Sorry, I'm not familiar with the term "un-fused". A Google search on Bing just mentions burying conduit. And thanks for the highly detailed answer. I'll be studying it over lunch.


----------



## Bluenose for rent (Nov 6, 2020)

Ronan said:


> I come across this on every job site, with every company I've worked at. A couple apprentice buddies of mine; one doesn't know what the neutral does, the other can't explain voltage. I would bet $10 that none of the guys I work with, even the journeymen, have any idea what KVL is, much less what series & parallel is. I go out of my way to learn stuff, and this specific issue only came up after I wirenutted two neutrals together from different circuits and a little voice in the back of my head kept sounding off that it didn't "feel" right.

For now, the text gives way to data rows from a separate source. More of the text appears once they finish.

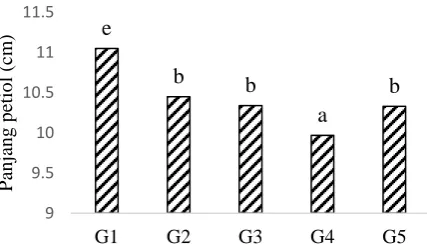 Gambar 7.   Karakter panjang petiol dari lima galur hasil persilangan kedelai varietas Korea x Argomulyo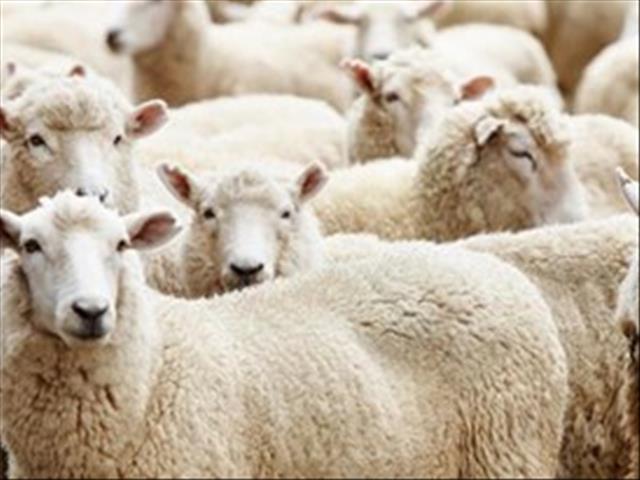 Veilingspryse vir lewende hawe steeds op goeie vlakke | News Article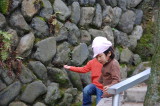 img0038.jpg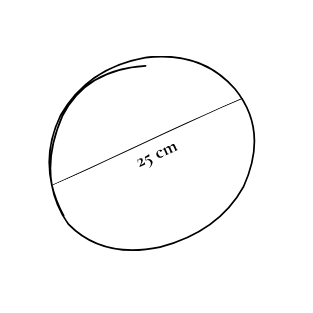 Priemer taniera je 25 cm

So I went & looked it up. Took me a while to find it. These are the only three sources I could find on the subject. Ancient video by Karl Riley, article by Karl Riley, & Windheim EMF Solutionos video.
> 
> I get the impression that this is a much more common issue than some might think.


For sure man, I can’t tell you how many times I’ve heard “electricity takes the fastest path to ground” from electricians, ticketed journeyman eletricians. And when I tell them there’s a few things wrong with that statement they glaze over and never talk about theory around me again.


----------



## Ronan (9 mo ago)

Bluenose for rent said:


> For sure man, I can’t tell you how many times I’ve heard “electricity takes the fastest path to ground” from electricians, ticketed journeyman eletricians. And when I tell them there’s a few things wrong with that statement they glaze over and never talk about theory around me again.


When I gently try to mention, "it's going back to source...the transformer," and I get corrected where they say, "...no, it's going to ground," I just shut up and nod my head. I won't get anywhere arguing with senior level journeymen. This is the exact reason I quit ABC apprenticeship and study on my own.


----------



## Bluenose for rent (Nov 6, 2020)

Ronan said:


> Sorry, I'm not familiar with the term "un-fused". A Google search on Bing just mentions burying conduit. And thanks for the highly detailed answer. I'll be studying it over lunch.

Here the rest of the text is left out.